I’ll come back to the second question later this week. For now I want to focus on #1. We were sat in small groups at tables and this question was answered by anyone who had a point of view – hands up style. I’m not sure this is the best way to draw insight from such a large group, but that’s how it was handled. As people offered their views, and answers to the question I scribbled like mad trying to capture as much as I could. As you can see from the transcript which follows, a lot of folk didn’t answer the question; nevertheless some interesting points were made. Here is what I heard (with any additions in brackets).

Transcript from the Engagement Taskforce Guru Group Meeting held at 1 Victoria Street London on 19 May 2011

Question #1 since the publication of the Engaging for Success Report two years ago – what has changed?

There has been a proliferation of events, seminars

Strong emergence of social tools and new media (my observation – well come on you didn’t seriously expect me to keep quiet about that did you)

There is dissonance caused by pressure on living standards

Capturing where it is happening already

We are getting more C Suite (this term came up an awful lot and it makes me choke so I shan’t use it again) – senior level engagement

Command and control is an issue particularly in bigger more established organisations (I wonder how many of the taskforce organisations this may apply to?)

Is the person responsible for engagement committed to real change or is this just a part of their career progression (I worry that someone is responsible – surely we all are?)

The taskforce – what is the point of it? Can you integrate HR middle management with top level management?

Downsizing has not been handled well

We need to make a connection with brand and communication

The score or measure goes up yet folk don’t actually feel any better (indeed – comes from fiddling with numbers instead of trying to create any real meaning around the working relationship methinks)

Engagement is seen as a problem to fix, not a way to be

Surveys are not acted upon so people lose faith, think – why bother (murmurs about linking scores to bonuses – don’t get me started!)

Making changes in the way we educate children could be an opportunity (for new thinking and new behaviour)

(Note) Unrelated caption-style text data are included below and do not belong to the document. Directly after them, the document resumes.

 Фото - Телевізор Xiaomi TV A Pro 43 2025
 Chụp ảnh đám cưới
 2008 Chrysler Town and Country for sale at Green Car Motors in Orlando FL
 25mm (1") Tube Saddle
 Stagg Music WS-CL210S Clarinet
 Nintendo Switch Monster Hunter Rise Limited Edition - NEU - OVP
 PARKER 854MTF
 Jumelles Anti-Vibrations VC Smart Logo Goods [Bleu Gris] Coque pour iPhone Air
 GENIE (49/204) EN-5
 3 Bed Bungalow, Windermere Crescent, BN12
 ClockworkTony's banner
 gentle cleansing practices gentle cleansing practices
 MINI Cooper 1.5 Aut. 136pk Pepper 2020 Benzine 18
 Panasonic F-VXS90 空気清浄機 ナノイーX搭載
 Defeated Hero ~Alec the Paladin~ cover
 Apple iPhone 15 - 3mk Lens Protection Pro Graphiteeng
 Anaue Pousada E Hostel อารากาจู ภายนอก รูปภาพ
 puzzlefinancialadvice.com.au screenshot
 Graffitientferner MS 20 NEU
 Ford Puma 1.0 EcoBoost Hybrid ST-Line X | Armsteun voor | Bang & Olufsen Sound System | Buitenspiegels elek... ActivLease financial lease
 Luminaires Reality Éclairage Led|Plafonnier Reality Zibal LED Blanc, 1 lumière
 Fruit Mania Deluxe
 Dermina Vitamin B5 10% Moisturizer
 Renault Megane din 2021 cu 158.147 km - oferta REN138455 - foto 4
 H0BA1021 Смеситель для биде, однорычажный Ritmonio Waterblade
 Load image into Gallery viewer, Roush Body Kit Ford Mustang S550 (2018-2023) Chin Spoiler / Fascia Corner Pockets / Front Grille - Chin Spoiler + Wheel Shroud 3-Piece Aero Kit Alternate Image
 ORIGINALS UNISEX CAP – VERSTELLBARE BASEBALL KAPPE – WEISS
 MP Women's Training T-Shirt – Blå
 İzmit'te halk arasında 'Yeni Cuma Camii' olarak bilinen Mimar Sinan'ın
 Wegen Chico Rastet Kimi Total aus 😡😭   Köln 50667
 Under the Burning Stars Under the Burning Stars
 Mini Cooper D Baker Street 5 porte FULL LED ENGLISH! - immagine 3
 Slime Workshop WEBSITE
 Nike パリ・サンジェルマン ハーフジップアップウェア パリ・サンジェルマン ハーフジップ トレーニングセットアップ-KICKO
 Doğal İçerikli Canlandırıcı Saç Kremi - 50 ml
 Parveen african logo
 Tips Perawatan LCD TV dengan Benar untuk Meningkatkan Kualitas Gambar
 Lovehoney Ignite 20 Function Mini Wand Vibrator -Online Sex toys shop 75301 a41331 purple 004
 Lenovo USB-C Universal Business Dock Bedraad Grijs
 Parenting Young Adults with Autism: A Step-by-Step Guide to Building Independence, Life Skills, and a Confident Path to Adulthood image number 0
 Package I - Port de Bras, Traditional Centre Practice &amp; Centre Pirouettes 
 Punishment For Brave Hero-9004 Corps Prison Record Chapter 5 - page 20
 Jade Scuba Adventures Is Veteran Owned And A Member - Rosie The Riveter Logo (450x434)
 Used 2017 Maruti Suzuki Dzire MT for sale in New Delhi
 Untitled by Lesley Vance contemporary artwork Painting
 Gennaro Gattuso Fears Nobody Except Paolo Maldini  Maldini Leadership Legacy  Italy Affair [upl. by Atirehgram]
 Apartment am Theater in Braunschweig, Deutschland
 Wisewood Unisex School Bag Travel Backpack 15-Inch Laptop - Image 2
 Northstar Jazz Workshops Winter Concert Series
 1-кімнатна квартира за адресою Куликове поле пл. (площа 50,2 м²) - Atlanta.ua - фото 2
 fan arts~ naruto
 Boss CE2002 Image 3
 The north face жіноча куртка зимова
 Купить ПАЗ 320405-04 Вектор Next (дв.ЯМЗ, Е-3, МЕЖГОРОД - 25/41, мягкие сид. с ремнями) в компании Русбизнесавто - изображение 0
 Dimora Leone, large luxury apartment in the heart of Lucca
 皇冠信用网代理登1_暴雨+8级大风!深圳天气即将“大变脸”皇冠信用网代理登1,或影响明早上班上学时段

Generations matter – perhaps younger people are not interested in authoritative leadership? They may have different expectations of a leader, pearls of wisdom and war stories bore younger folk.

Engagement is person specific – not a model

Engagement = compliance to retain your job

Tension around engagement versus short termism and the need to satisfy shareholders and deliver profit (perhaps we could use that to accelerate and drive change rather than shy away from it?)

Investment in middle managers has decreased – can we bring them together to reflect and learn from each other? (great idea something I hear other organisations talking about – so let’s do it!)

Aspire to be a social community (hmm – sound familiar?)

Pride, loyalty and effort come from the employee to the employer, what comes back? And how do we fit this into and around wellbeing and sustainability?

Participative working practices, involvement, converge

Why all this talk about the top level buy in – how about we infuse this stuff virally, further down?

Take a strength based approach

Collective behaviour change needed, mix passion and proof

Stories – what is being engaged? The organisation – no. Employees – yes.

Other observations which struck me about this invited group were: I saw no representation from the black and minority ethnic communities among the guests (there were a few empty seats so maybe some were invited and couldn’t make it) and I think I was one of the younger folk in attendance. I’m 46.

One further point that interests me is that I “advertised” the fact that I was going to this meeting on several forums. I encouraged folk to contact me with ideas, opportunities, concerns etc. that they might want to get on the table. The response barely registered a murmur.

So – I’ll write up question #2 and share that with you in a day or two. And now that you’ve seen the emerging thinking about what has changed in the last two years – is there anything in this so far which interests you? Anything you’d like to add?